* **Instructions for the task**
Look through the entries below and extract exactly the lines from the one containing "Motorbike headlights CNC" through the one containing "Cover Pot Seagrass", ends included.
:: Working data ::
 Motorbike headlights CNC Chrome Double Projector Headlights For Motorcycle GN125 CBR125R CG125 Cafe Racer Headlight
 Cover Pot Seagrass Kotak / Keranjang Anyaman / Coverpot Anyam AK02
:::
:: Working data ::
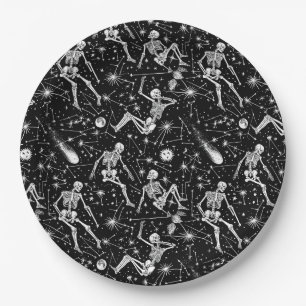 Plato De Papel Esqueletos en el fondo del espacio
:::
* **Task solution**
 Motorbike headlights CNC Chrome Double Projector Headlights For Motorcycle GN125 CBR125R CG125 Cafe Racer Headlight
 Cover Pot Seagrass Kotak / Keranjang Anyaman / Coverpot Anyam AK02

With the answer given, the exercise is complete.